#### WHAT IS REQUIRED:
Starting at the line below with "More photos of" and stopping at the line with "Акумулятор до ноутбука", please print each line exactly, those two included, and skip every picture.

DATA FOR THE TASK section start

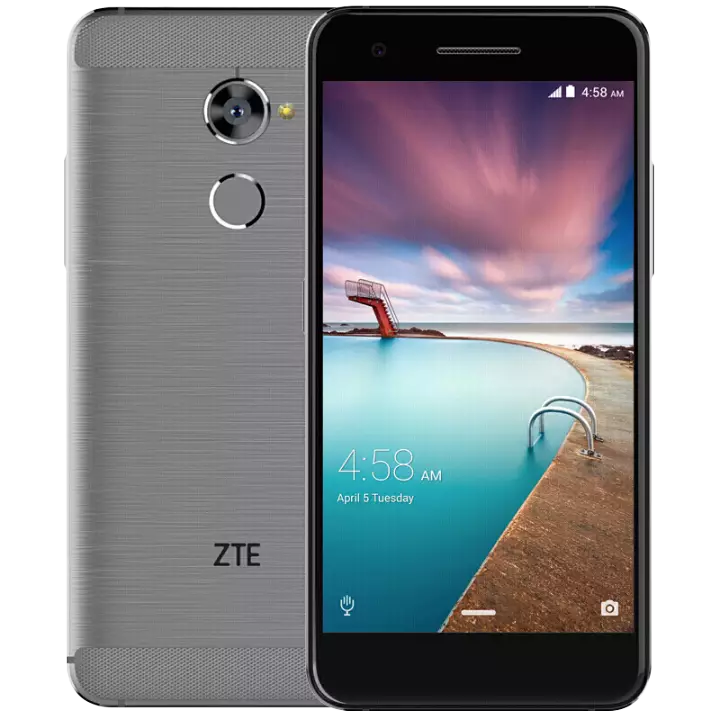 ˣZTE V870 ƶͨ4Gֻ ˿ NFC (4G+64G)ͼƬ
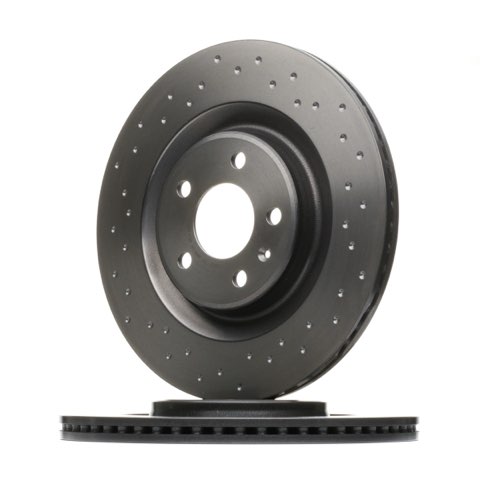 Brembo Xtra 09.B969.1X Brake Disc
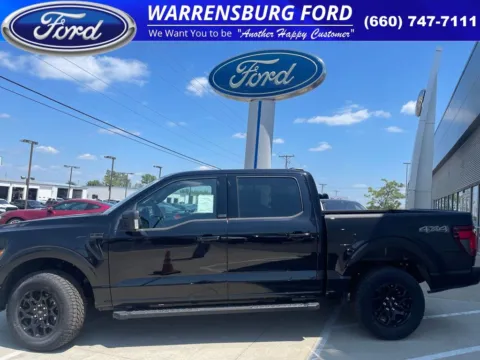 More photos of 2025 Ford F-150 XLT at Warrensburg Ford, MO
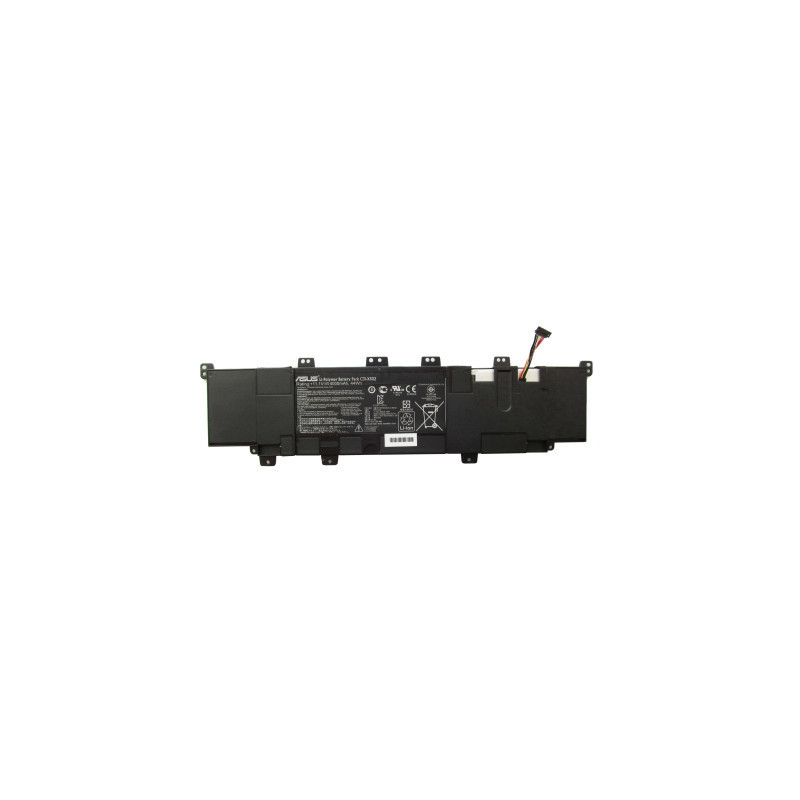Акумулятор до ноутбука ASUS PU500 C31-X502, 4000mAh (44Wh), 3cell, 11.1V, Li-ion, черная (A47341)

DATA FOR THE TASK section end
DATA FOR THE TASK section start

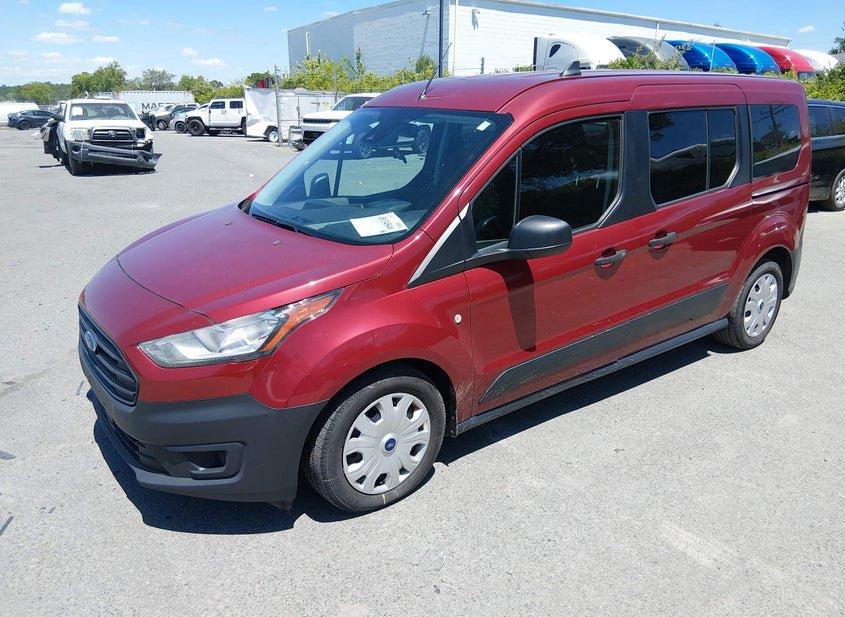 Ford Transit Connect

DATA FOR THE TASK section end

#### RESPONSE BELOW:
 More photos of 2025 Ford F-150 XLT at Warrensburg Ford, MO
Акумулятор до ноутбука ASUS PU500 C31-X502, 4000mAh (44Wh), 3cell, 11.1V, Li-ion, черная (A47341)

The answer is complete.